Exercise instructions: Find the line with "Vượt mặt Ronaldo, Dybala" in the entries below, then output every line from it down to the line with "HYUNDAI HB20 S COMFORT 1.0", exactly and with no pictures.

Provided data:
****
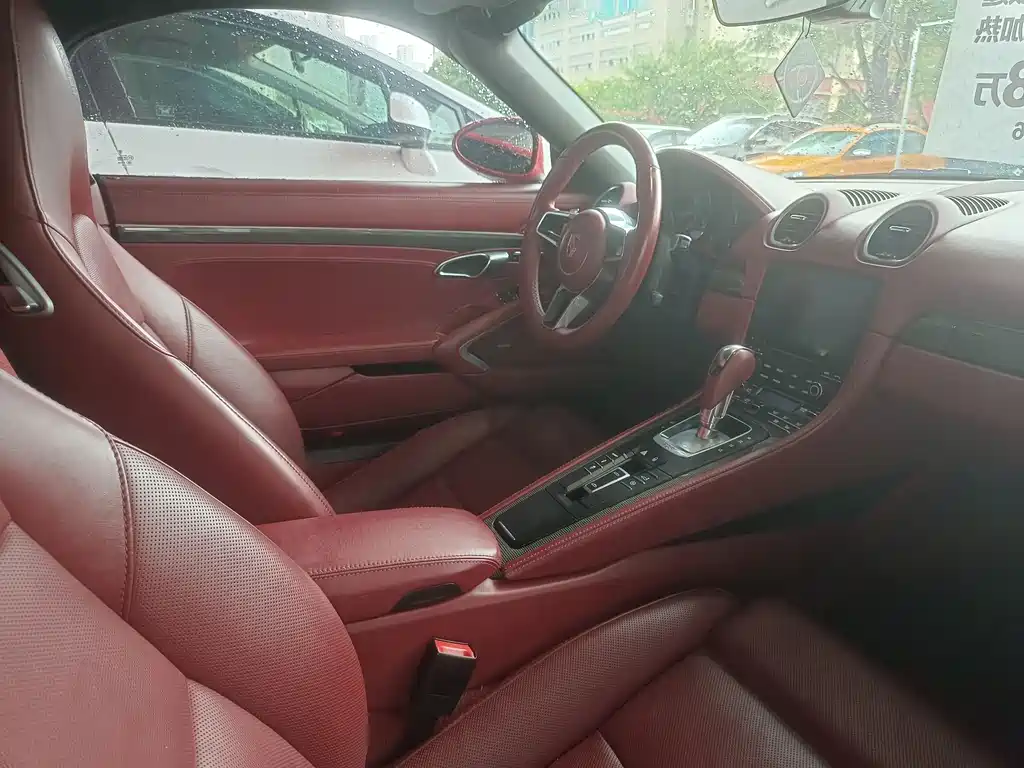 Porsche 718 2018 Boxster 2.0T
****
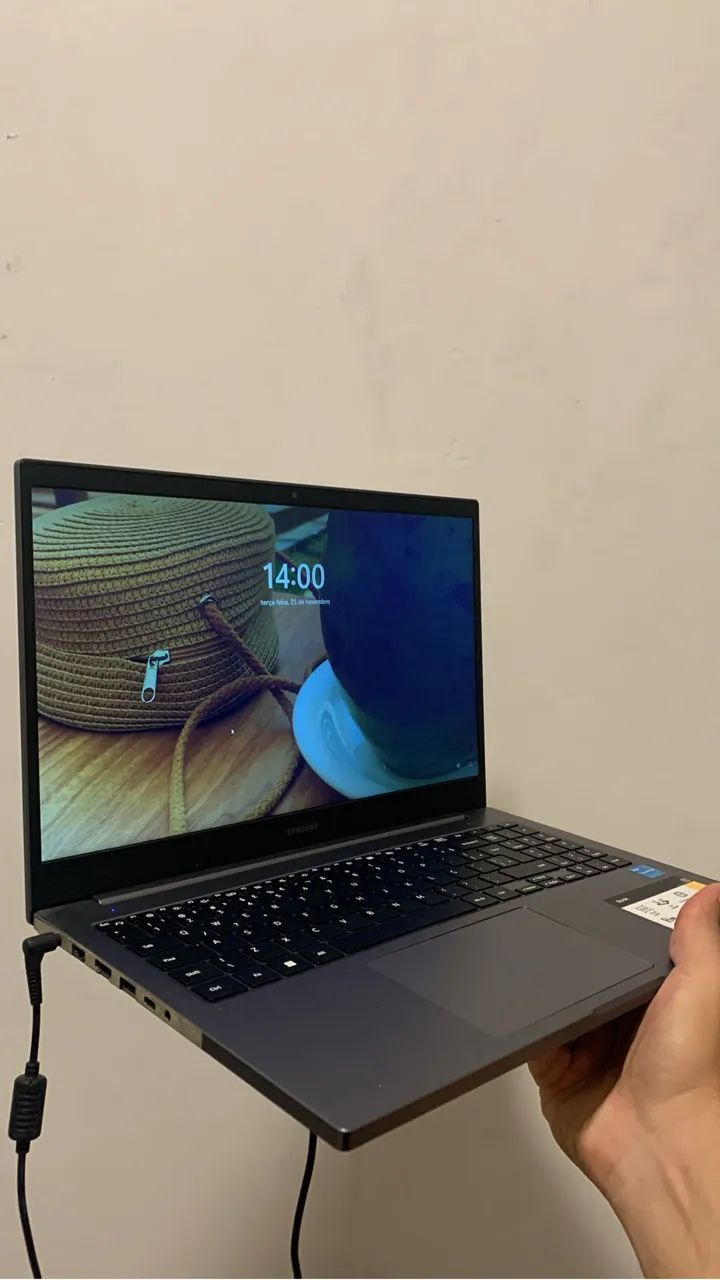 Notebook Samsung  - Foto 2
****
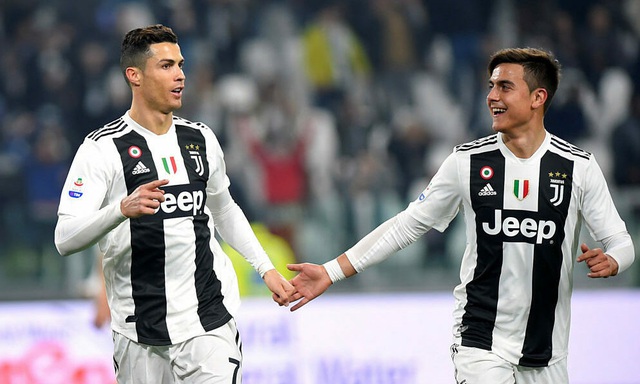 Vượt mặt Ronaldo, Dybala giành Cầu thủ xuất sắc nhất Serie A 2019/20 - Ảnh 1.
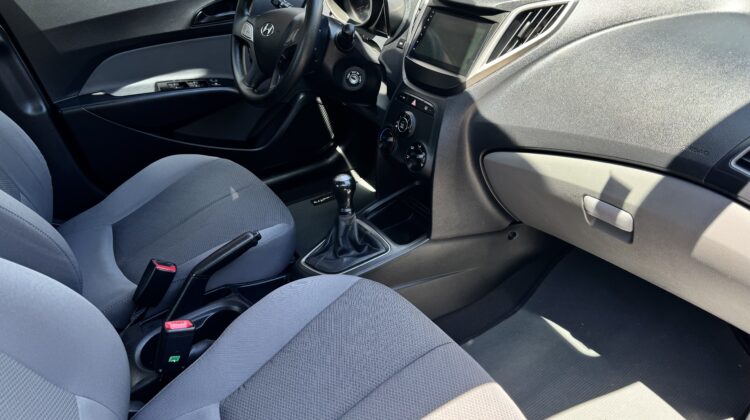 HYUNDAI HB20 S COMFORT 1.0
****
Expected answer:
 Vượt mặt Ronaldo, Dybala giành Cầu thủ xuất sắc nhất Serie A 2019/20 - Ảnh 1.
 HYUNDAI HB20 S COMFORT 1.0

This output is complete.